::: Records for processing

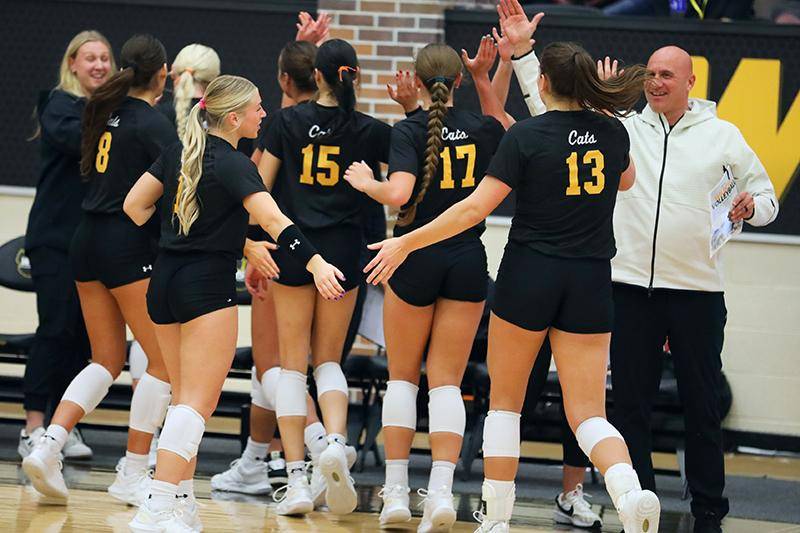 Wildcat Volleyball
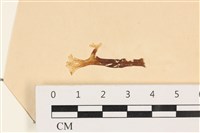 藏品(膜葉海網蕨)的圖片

::::::
::: Records for processing

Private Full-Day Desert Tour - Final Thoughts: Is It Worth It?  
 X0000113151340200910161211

::::::

Problem to solve: Using the records above, copy word for word the line with "Private Full-Day Desert", the line with "X0000113151340200910161211", and every line between them.

Written response:
Private Full-Day Desert Tour - Final Thoughts: Is It Worth It?  
 X0000113151340200910161211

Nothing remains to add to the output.